Higher Technical School of Engineering, University of Huelva, Huelva, Spain.
Juan Ramón Jiménez University Hospital, Huelva, Spain.
J Med Internet Res. 2021 Apr 14;23(4):e26211. doi: 10.2196/26211.
The COVID-19 pandemic is probably the greatest health catastrophe of the modern era. Spain's health care system has been exposed to uncontrollable numbers of patients over a short period, causing the system to collapse. Given that diagnosis is not immediate, and there is no effective treatment for COVID-19, other tools have had to be developed to identify patients at the risk of severe disease complications and thus optimize material and human resources in health care. There are no tools to identify patients who have a worse prognosis than others.
This study aimed to process a sample of electronic health records of patients with COVID-19 in order to develop a machine learning model to predict the severity of infection and mortality from among clinical laboratory parameters. Early patient classification can help optimize material and human resources, and analysis of the most important features of the model could provide more detailed insights into the disease.
After an initial performance evaluation based on a comparison with several other well-known methods, the extreme gradient boosting algorithm was selected as the predictive method for this study. In addition, Shapley Additive Explanations was used to analyze the importance of the features of the resulting model.
After data preprocessing, 1823 confirmed patients with COVID-19 and 32 predictor features were selected.
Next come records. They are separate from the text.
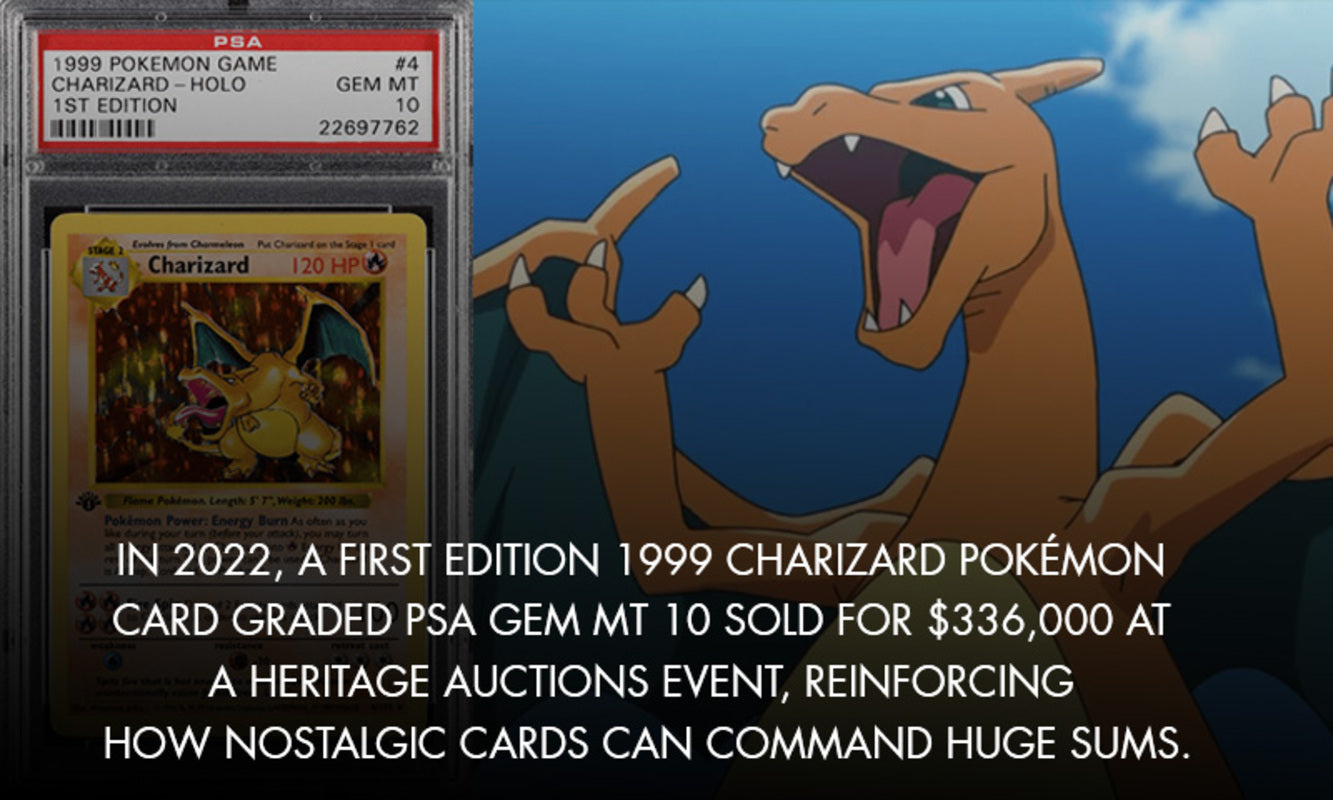 Charizard Pokémon card 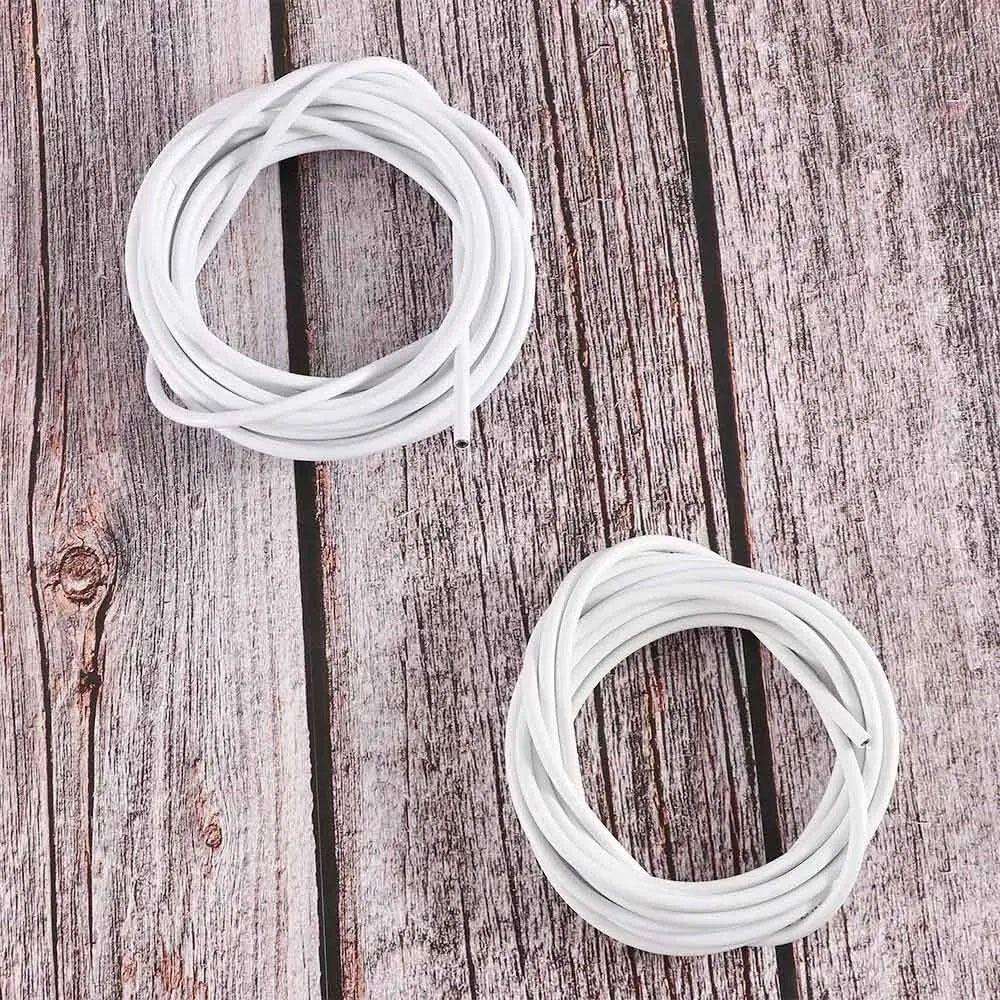 1Set White Window Cord Cable Net 2/3/4/5 Meters Curtain Track Wire New Wall Hanging Line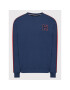 Tommy Hilfiger Mikina Track Top UM0UM02370 Tmavomodrá Regular Fit - Pepit.sk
On bootstrap validation, the extreme gradient boosting classifier yielded a value of 0.97 (95% CI 0.96-0.98) for the area under the receiver operator characteristic curve, 0.86 (95% CI 0.80-0.91) for the area under the precision-recall curve, 0.94 (95% CI 0.92-0.95) for accuracy, 0.77 (95% CI 0.72-0.83) for the F-score, 0.93 (95% CI 0.89-0.98) for sensitivity, and 0.91 (95% CI 0.86-0.96) for specificity. The 4 most relevant features for model prediction were lactate dehydrogenase activity, C-reactive protein levels, neutrophil counts, and urea levels.
Our predictive model yielded excellent results in the differentiating among patients who died of COVID-19, primarily from among laboratory parameter values. Analysis of the resulting model identified a set of features with the most significant impact on the prediction, thus relating them to a higher risk of mortality.
COVID-19 大流行可能是现代史上最大的健康灾难。西班牙的医疗保健系统在短时间内面临着无法控制的大量患者,导致系统崩溃。鉴于诊断并非即时,且 COVID-19 目前尚无有效治疗方法,因此必须开发其他工具来识别有发生严重疾病并发症风险的患者,从而优化医疗保健的物资和人力资源。目前还没有工具可以识别预后比其他患者更差的患者。
本研究旨在处理一组 COVID-19 患者的电子健康记录,以开发一种机器学习模型来预测感染严重程度和死亡率,预测依据是临床实验室参数。早期对患者进行分类有助于优化物资和人力资源,对模型最重要特征的分析可以提供更详细的疾病见解。
在基于与其他几种知名方法的比较进行初步性能评估后,选择极端梯度提升算法作为本研究的预测方法。此外,使用 Shapley 加法解释来分析所得模型的特征重要性。
在数据预处理后,选择了 1823 名确诊 COVID-19 患者和 32 个预测特征。在引导验证中,极端梯度提升分类器在接收者操作特征曲线下的面积为 0.97(95%置信区间 0.96-0.98),在精度-召回曲线下的面积为 0.86(95%置信区间 0.80-0.91),准确度为 0.94(95%置信区间 0.92-0.95),F 分数为 0.77(95%置信区间 0.72-0.83),灵敏度为 0.93(95%置信区间 0.89-0.98),特异性为 0.91(95%置信区间 0.86-0.96)。对模型预测最重要的 4 个特征是乳酸脱氢酶活性、C 反应蛋白水平、中性粒细胞计数和尿素水平。
我们的预测模型在区分 COVID-19 死亡患者方面取得了优异的结果,主要依据是实验室参数值。对所得模型的分析确定了一组对预测影响最大的特征,从而与更高的死亡率相关。